Scan the data, and whenever a line contains "Package", copy it.

*** Opening of Records shown ***

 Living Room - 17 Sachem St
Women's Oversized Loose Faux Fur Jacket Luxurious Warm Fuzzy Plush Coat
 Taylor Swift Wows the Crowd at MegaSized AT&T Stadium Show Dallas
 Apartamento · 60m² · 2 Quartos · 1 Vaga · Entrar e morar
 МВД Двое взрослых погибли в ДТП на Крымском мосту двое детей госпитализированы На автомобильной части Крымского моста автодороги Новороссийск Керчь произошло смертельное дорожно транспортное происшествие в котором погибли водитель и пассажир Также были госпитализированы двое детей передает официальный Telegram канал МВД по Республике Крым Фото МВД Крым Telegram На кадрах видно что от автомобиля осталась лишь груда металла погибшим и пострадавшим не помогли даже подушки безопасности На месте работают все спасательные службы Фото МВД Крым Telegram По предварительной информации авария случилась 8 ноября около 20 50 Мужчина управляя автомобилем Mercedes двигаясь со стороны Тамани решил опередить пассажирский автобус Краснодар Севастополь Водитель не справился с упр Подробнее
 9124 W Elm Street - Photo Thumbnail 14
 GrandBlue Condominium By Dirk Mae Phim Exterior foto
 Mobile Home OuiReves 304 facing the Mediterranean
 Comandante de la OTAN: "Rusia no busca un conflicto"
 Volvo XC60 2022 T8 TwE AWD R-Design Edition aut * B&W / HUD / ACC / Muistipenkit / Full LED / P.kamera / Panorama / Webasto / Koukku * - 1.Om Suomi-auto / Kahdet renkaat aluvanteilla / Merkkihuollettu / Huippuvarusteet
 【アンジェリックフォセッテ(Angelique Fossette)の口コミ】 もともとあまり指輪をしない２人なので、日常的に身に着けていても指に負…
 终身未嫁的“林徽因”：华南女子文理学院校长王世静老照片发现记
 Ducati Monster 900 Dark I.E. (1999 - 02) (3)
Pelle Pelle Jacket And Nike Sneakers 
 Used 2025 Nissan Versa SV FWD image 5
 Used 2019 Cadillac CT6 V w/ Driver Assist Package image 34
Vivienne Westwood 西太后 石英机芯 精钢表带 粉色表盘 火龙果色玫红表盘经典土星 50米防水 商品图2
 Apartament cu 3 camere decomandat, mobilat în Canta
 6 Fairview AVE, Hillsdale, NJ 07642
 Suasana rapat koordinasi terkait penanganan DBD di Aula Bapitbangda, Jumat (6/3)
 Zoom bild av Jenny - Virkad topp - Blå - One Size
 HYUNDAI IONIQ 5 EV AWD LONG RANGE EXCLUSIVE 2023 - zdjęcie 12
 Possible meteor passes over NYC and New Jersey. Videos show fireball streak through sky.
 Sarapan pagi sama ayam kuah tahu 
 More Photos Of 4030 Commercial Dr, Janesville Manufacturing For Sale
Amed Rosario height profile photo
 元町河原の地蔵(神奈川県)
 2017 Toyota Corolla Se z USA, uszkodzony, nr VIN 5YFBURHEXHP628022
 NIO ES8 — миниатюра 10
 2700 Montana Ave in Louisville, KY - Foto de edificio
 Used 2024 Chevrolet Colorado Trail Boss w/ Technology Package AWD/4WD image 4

*** Close of Records shown ***

[Response box]:
 Used 2019 Cadillac CT6 V w/ Driver Assist Package image 34
 Used 2024 Chevrolet Colorado Trail Boss w/ Technology Package AWD/4WD image 4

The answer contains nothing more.